I have mentioned multi code field words on this forum. While the example I used worked, it left much to be desired.
A multi code field word is a word with more than one code field. Multi code field words typically have three code fields in the examples I've seen. In the following, I will be discussing multi code fields words on an ITC Forth system.
The Forth system is not aware of any code field but the first, the other two are seen as data.

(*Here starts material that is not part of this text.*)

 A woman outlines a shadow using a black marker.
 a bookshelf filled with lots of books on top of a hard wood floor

The fields of a dictionary entry for my Forth:
Code:
LINK FIELD
NAME FIELD
CODE FIELD
PARAMETER FIELD
The fields of a dictionary entry for a multi code field word for my Forth:
Code:
LINK FIELD
NAME FIELD
CODE FIELD 1 -- also the primary code field
CODE FIELD 2
CODE FIELD 3
PARAMETER FIELD
How the Forth system sees the fields of a multi code field word:
Code:
LINK FIELD
NAME FIELD
CODE FIELD 1
PARAMETER FIELD DATA -- one cell
PARAMETER FIELD DATA -- one cell
REST OF PARAMETER FIELD
The first code field points to code which is normally written to skip over the next two code fields and access the body of the multi code field word. This is the code field executed or compiled by the Forth system.

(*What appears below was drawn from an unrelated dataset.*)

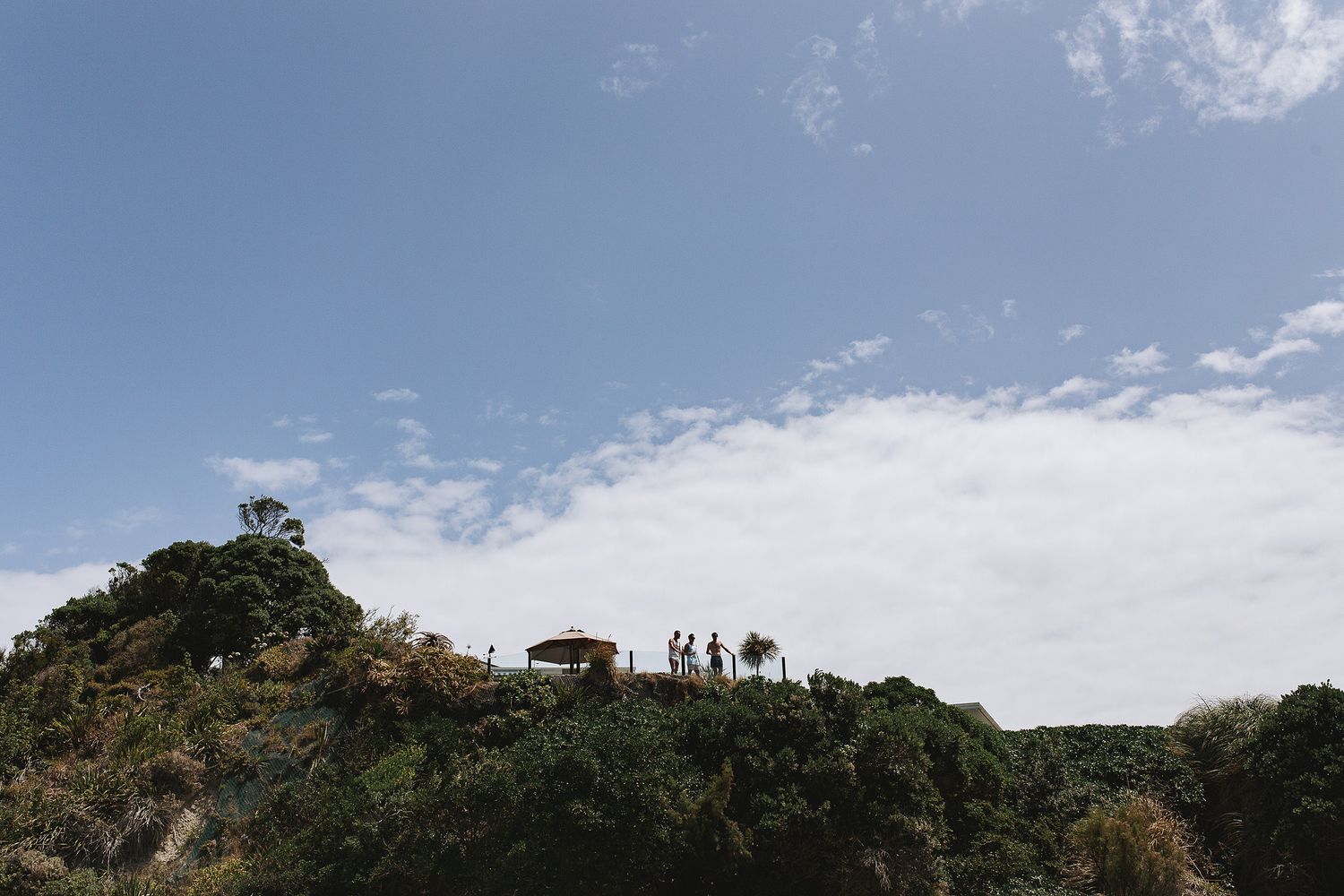 Silhouettes of people stand on a hilltop against a bright blue sky with scattered white clouds.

The second code field of a multi code field word can be accessed by using >BODY . Suppose there is a word named ARGO which has three code fields and the second code field stores a number from the stack to the parameter field of ARGO . This is how the second code field would be executed or compiled (assuming a number is on the stack).
Code:
\ Executing.
' ARGO >BODY EXECUTE
\ Or when compiling.
[ ' ARGO >BODY , ]
and the third code field can be accessed by using >BODY twice.
Code:
\ Executing.
' ARGO >BODY >BODY EXECUTE
\ Or when compiling.
[ ' ARGO >BODY >BODY , ]
There are usually prefix words to access the second and third code fields of a multi code field word. TO is normally the name of the word to access the second code field. Depending on the value of STATE , TO will either execute the second code field or compile the second code field.
The second code field points to code which is normally written to skip over the third code field and access the body of the multi code field word.
Code:
\ USED FOR INTERPRETING OR COMPILING.
TO ARGO
AT is normally the name of the word to access the third code field of a multi code field word.
Code:
\ Used for interpreting or compiling.
AT ARGO
With nothing to skip over, the third code field normally behaves more like a typical code field.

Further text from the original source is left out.